Перекрестившись, духовенство принялось жевать тарталетки с икрой.
– Это что ж за напасть такая? – шепнул митрополит Феофилакт другому митрополиту «галёрки» (кажется, тот приехал из города Уренска). – Как теперь жить? Ведь если Голоса нет, никто нам денег не принесёт…
Тот мрачно проглотил шейку рака и налил себе «Хеннеси».

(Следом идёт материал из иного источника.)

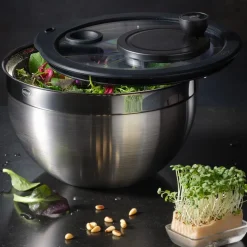 Centrifugadora de acero inoxidable con tapa de vidrio Rösle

– Я и раньше думал, что его нет, – заметил приезжий. – Но это как раз не самое ужасное. Ты только представь себе, батюшка… приходят сотрудники «Кока-колы» утром на работу, а им говорят, что «Кока-кола» – это миф. И что беднягам делать, куда податься? Вот и мы с тобой влипли. Никто из мирян теперь не озаботится, чтобы в Рай попасть. И так уже пожертвования с кризисом измельчали, народ обнаглел. Мелочь, копейки сыплют – словно нищему в переходе подают. Веришь ли, мне часы с бриллиантами пришлось на платиновые сменить.
Кондиционеры под потолком дружно зажужжали.
– Голос тебя помилуй! – вытаращил глаза Феофилакт. – Не обижайся, святой отец, но ты прямо как лох. Кто ж в нашем кругу часы без бриллиантов-то носит, ты ведь лицо духовное, а не суслик какой. Прогневали мы Небеса…
– А я тебе говорю? – уныло ответил митрополит из Уренска. – Да часы – это ерунда ещё. Если официально объявят, что Голоса нет, мы и не до такого докатимся. С «мерседесов» хором слезем, пересядем на «шкоду».
Его собеседник в ужасе подавился лососиной.